12. Eine Pflichtverletzung eines Verrichtungsgehilfen, für die die Beklagte nach §§ 823 I, 831, 847 BGB einzustehen hätte, folgt aus dem Vortrag des Klägers ebenfalls nicht.

13. Soweit er geltend macht, ein Mitglied des Personals habe ihm und seinen Begleitern den Zugang zum Pool überhaupt erst ermöglicht, folgt daraus schon nicht, dass diesen Mitarbeiter an dem Badeunfall des Klägers ein Verschulden trifft.

14. Der Mitarbeiter konnte und musste nicht damit rechnen, dass sich ein neu angekommener Gast ohne Kenntnis der Örtlichkeiten per Kopfsprung in den Kinderbereich des Pools mit 70 cm Wassertiefe begeben würde. Nach dem Vortrag des Antragstellers gab auch dessen Alkoholisierungsgrad dem Personal keinen Anlass, ihn aus der Poolumgebung fernzuhalten.

15. Dass der Pool bei Betreten über die Badeleiter zu kurzem Schwimmen nicht geeignet gewesen wäre, trägt der Antragsteller selbst nicht vor.

16. Dementsprechend folgt auch unter diesem Gesichtspunkt ein Anspruch des Antragstellers auf Schmerzensgeld keinesfalls.

17. Auf die Bewertung des Mitverschuldens des Klägers, das dieser ja selbst einräumt, kommt es für die Verneinung des Schmerzensgeldanspruchs mithin nicht einmal an. Anderseits ist die Bewertung des Landgerichts aber nicht von der Hand zu weisen, wenn es das Eigenverschulden des Antragstellers als so überwiegend hinstellt, dass etwaige andere Verursachungselemente dahinter zurücktreten. Der Antragsteller hat sich zur Nachtzeit, leicht alkoholisiert, bei nach seiner Darstellung eingeschränkter Beleuchtung und ohne Tiefenhinweise in einen ihm gänzlich unbekannten Pool gestürzt, der erkennbar zu dieser Zeit nicht zur allgemeinen Benutzung vorgesehen war. Dies zeugt von einer derartigen Unvernunft, dass sie in der Tat als alle anderen Verursachungselemente zurückdrängend zu bewerten ist.

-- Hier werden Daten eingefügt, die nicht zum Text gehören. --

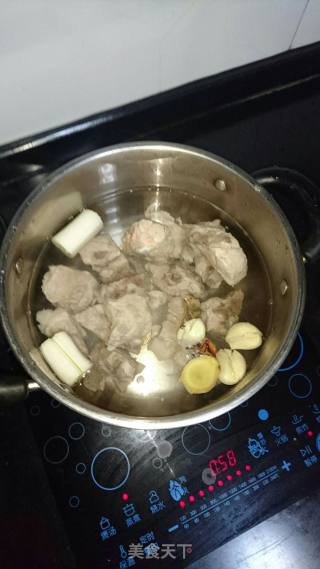 简版酸菜炖排骨的做法步骤：1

18. Auch vertragliche Schadensersatzansprüche, die ein Schmerzensgeld nicht umfassen würden, dürften neben dem vorstehenden Mitverschuldensgesichtspunkt noch aus anderen Aspekten zu verneinen sein.

19. Ein kausales Verschulden eines Erfüllungsgehilfen der Beklagten, das sie sich zurechnen lassen müsste, ist im Gestatten des Badens im Pool durch einen Angestellten und dem Öffnen der Tür nicht zu erkennen. Der Angestellte konnte und musste nicht vorhersehen, dass sich ein später, nach eigener Darstellung nur leicht angetrunkener Badegast so verhalten würde, wie der Kläger es getan hat (siehe vorstehend unter 3.).

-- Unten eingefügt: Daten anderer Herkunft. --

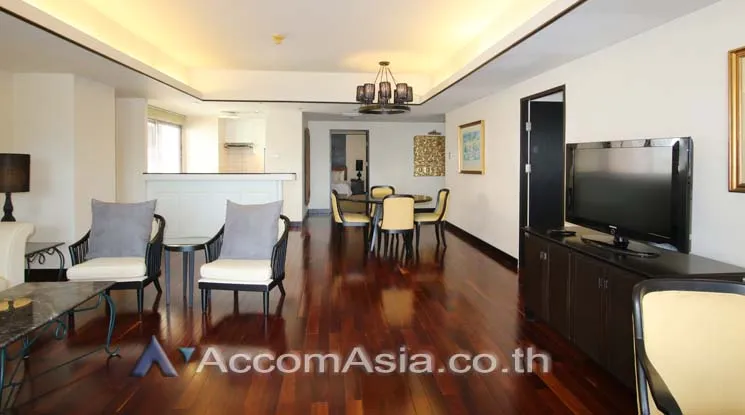 unit 2 Bedrooms  Apartment For Rent in Sathorn, Bangkok  near MRT Lumphini (1421249)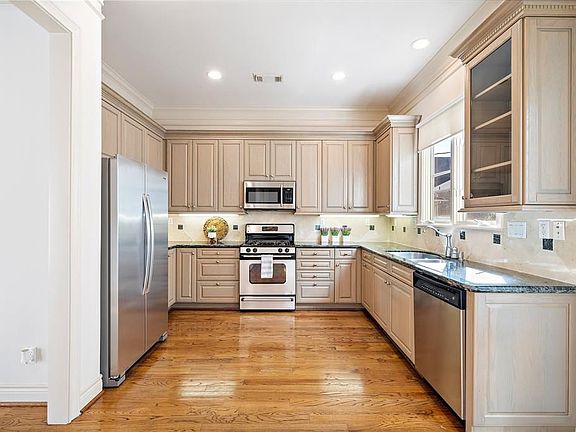 4th image of 4007 Bellefontaine St #A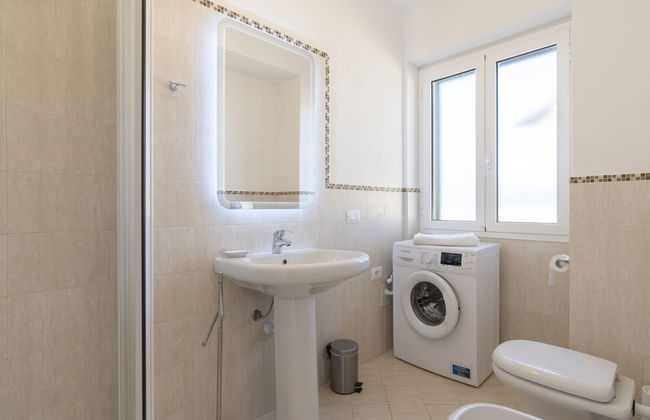 1 bedroom Apartment in San Bartolomeo al Mare with terrace - Photo 16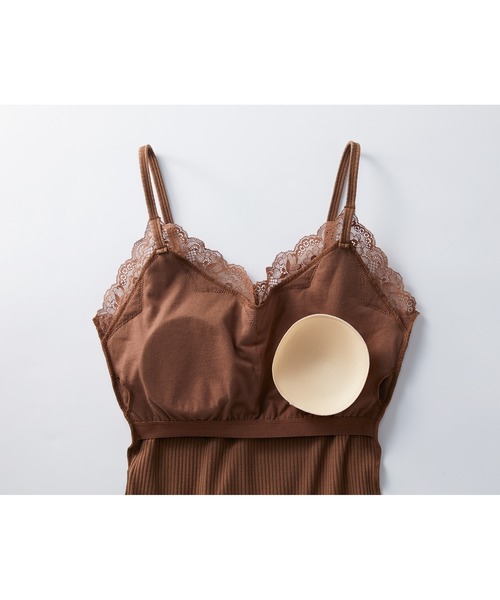 Lingerie by GeeRA(ランジェリーバイジーラ)の「テレコリブパッド入りレースキャミソール(キャミソール・レディース・ブラウン/ブラック/ベージュ・MEDIUM/LARGE/SMALL)」の8枚目の写真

20. Dementsprechend liegen auch nach der Darstellung des Antragstellers die Voraussetzungen von Ansprüchen aus § 651 f. nicht vor, denn nach dem unstreitigen Sachverhalt lässt sich feststellen, dass den Mitarbeiter des Hotels und Erfüllungsgehilfen der Beklagten ein Verschulden nicht traf.

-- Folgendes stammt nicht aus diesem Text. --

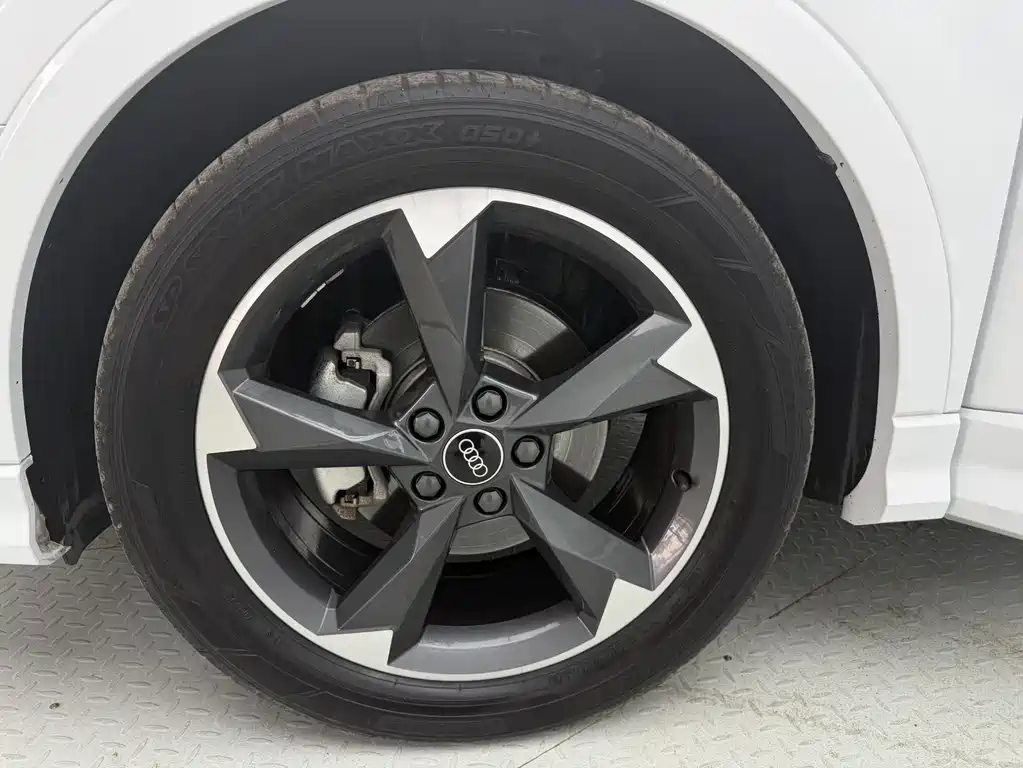 Audi Q3 2022 — фото 10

21. Auf die nach der Sachverhaltsschilderung des Antragstellers verwunderliche Tatsache, dass er nicht schwere Schäden an Finger- und Handgelenken erlitten haben will, was bei einem Kopfsprung mit Aufprall an der Mauer zu erwarten gewesen wäre, weil die Hände zuerst den Stoß gegen die Mauer hätten abfangen müssen, kommt es danach derzeit nicht an. Das Fehlen solcher Verletzungen lässt aber einen anderen als den vom Antragsteller geschilderten Geschehensablauf als nicht unwahrscheinlich erscheinen.

22. Die Kostenentscheidung folgt aus § 127 Abs. 4 ZPO, § 1 GKG in Verbindung mit Ziff. 1956 des dazu ergangenen Kostenverzeichnisses.